▶ _PROBLEM REQUIREMENTS_
The full set of lines below has to be duplicated exactly, with no picture kept.

▶ _PROVIDED DATA_
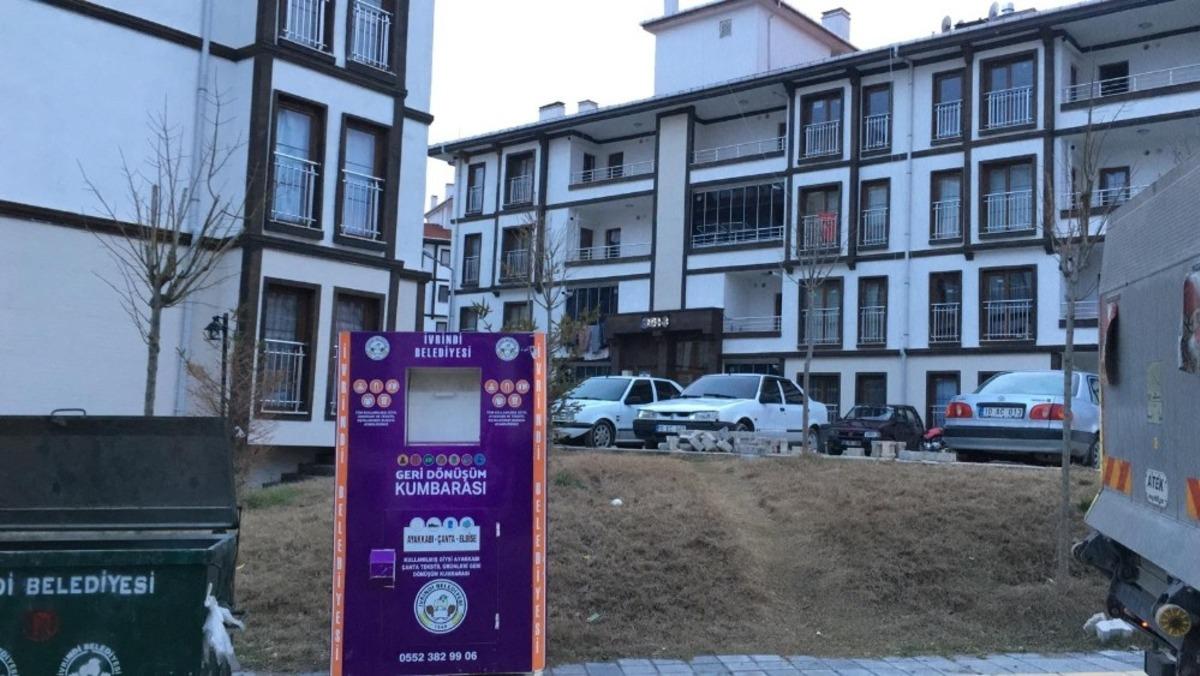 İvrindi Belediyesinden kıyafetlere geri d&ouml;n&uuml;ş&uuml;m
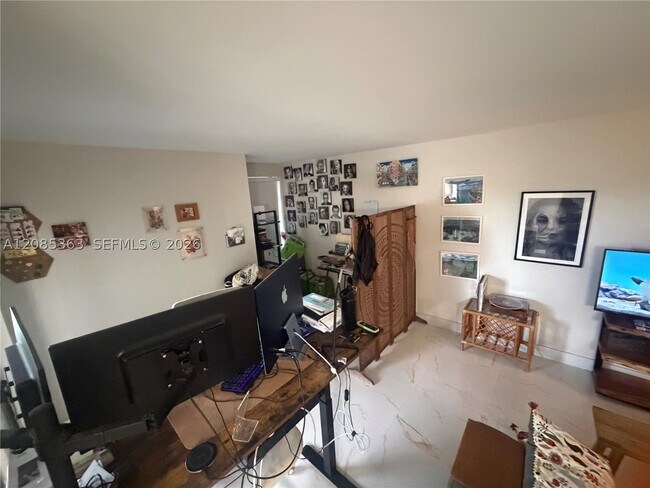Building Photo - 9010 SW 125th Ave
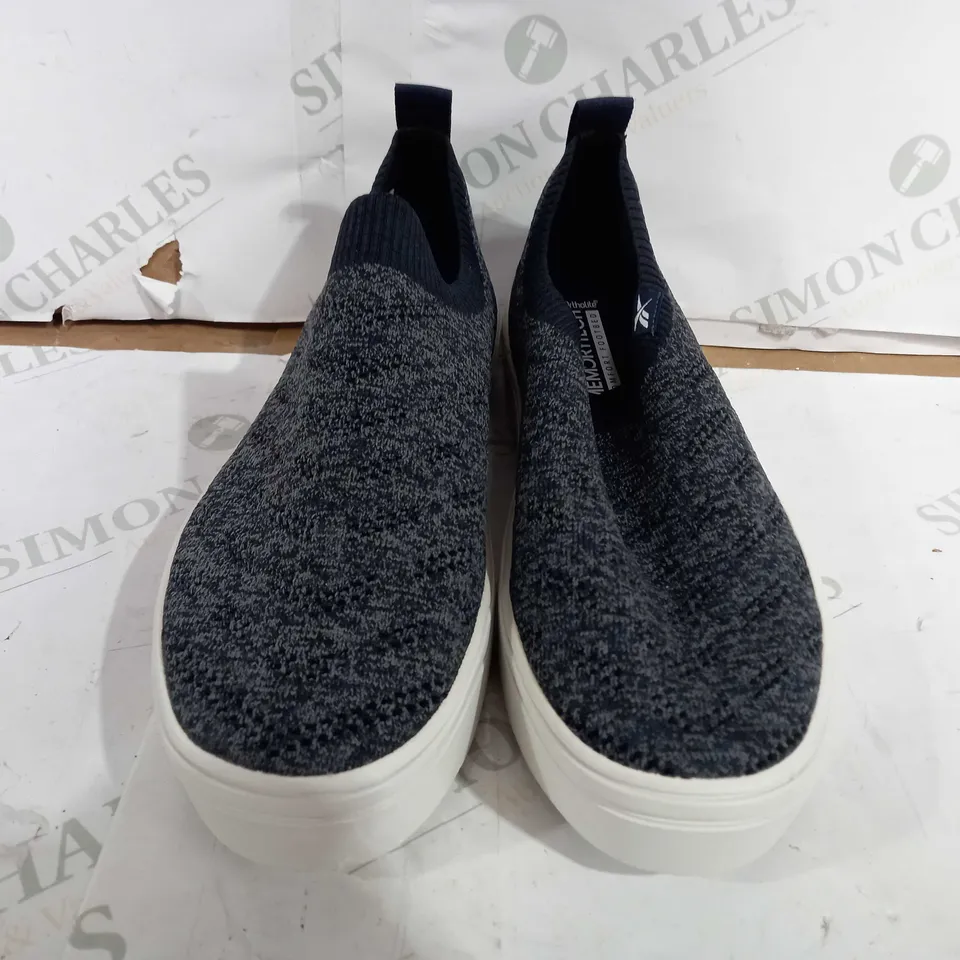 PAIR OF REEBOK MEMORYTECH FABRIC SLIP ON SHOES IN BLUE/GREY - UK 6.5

▶ _ANSWER SPACE_
 İvrindi Belediyesinden kıyafetlere geri d&ouml;n&uuml;ş&uuml;m
Building Photo - 9010 SW 125th Ave
 PAIR OF REEBOK MEMORYTECH FABRIC SLIP ON SHOES IN BLUE/GREY - UK 6.5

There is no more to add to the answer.